Joining him in quitting is co-founder Kevin Carroll who along with Robinson will join think tank The Quilliam Foundation, an organisation that was set up to tackle extremism. Run by Maajid Nawaz, formerly a supporter of hate group Hizb ut-Tahrir the move has been criticised as just a tactical retreat, alongside Robinson commenting that street protests are “no longer productive”. However, he explains that he aims to “counter Islamist ideology…not with violence but with better, democratic ideas”. Robinson’s drastic change in direction follows his 18 week stint in prison for travelling on someone else’s passport. Here, he had time to re-think and evaluate his position as leader of what has undeniably become an increasingly anti-Muslim group.

Although Robinson campaigns against Islamic ideals, it is not Muslims as individuals that he wishes to ostracise. “I have a passion to combat Islamist ideology, and I want to lead a revolution against that ideology, but I don’t want to lead a revolution against Muslims” he stated.
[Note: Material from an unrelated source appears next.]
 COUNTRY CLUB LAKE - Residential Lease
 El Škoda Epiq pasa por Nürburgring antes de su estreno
Robinson’s claims are particularly potent when considering the controversial image sported by an EDL supporter at a rally in Birmingham in June this year. The bolshie young man lifted up his top to the cameras to show a tattoo of a picture of a mosque with the word ‘Boom’ emblazoned across it. It is this type of extremist behaviour that Robinson outlined as a key part of his decision to leave the group. Nonetheless critics of Robinson and Carroll remain sceptical of whether they have truly renounced their ways.

Only earlier this month, Robinson Tweeted a picture of a Muslim man holding a pint of beer while making a rude gesture, coupled with the caption ‘this is the best Muslim I know’. The picture will offend many Muslims due to their strict rules on drinking and sparks doubt against Robinson’s claims that he is not anti- Muslim.
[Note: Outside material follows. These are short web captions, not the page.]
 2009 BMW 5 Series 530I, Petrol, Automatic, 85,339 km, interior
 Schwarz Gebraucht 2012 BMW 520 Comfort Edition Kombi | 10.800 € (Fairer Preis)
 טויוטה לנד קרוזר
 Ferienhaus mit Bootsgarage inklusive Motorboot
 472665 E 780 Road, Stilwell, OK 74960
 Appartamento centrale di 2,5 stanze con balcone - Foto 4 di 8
Robinson and Carroll’s dual resignation is seemingly well received by government officials with chairman of the home affairs select committee Keith Vaz saying “Any resignation from the EDL is welcome. Mr Robinson and Mr Carroll have previously engaged, promoted and expounded extreme views. Vaz further explained “leaving the organisation is an acceptance that their opinions incite hatred and their previous actions have unnecessarily cost the taxpayer thousands of pounds.”